Celebrating the end of one year and the beginning of a new one has become synonymous with establishing resolutions for the 12 months ahead. Marking the new year with a list of goals—whether lofty or simple—is a chance to improve upon the year prior.
The practice requires a bit of introspection to identify the areas of life that weren't quite up to snuff and a commitment to making changes. Either way, resolutions aren't for the faint of heart, as the follow-through might be the hardest part of the whole process. In fact, a mere 8% of people achieve the goals they set for themselves on New Year's Eve, according to research out of the University of Scranton.
As physical therapists, we acknowledge that we can do better, too. Whether it's spending more time with our families, adhering to a more consistent sleep schedule, or learning a new sport, we scratch out the same lists everyone does at this time of the year.
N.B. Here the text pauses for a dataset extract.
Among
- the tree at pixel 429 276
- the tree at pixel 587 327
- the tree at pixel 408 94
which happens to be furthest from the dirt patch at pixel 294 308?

But on a professional front, we've added a new goal for 2017: attaching a better definition to the term "physical therapist." 
Chances are you know someone who recently had physical therapy, or maybe you even went yourself. But we are willing to bet you'd have trouble coming up with a quick way to define the service. We're here to help! By background and training, physical therapists are movement specialists. Simple, right? We specialize in movement.
We spend our days helping those who are having trouble moving due to a variety of causes. We diagnose, evaluate, educate, treat, and prevent depending on the individual case. We handily teach patients how to prevent or manage their conditions in order to achieve long-term health benefits. Most of all, physical therapists help patients return to the activities they once enjoyed: time with family, school, work, and physical activities. Much of the work in physical therapy involves setting goals for patients to reach. We develop plans to reduce pain, promote movement, and restore function and we help you meet those goals one step at a time. Let's work together to reach our goals in 2017, and keep each other on track!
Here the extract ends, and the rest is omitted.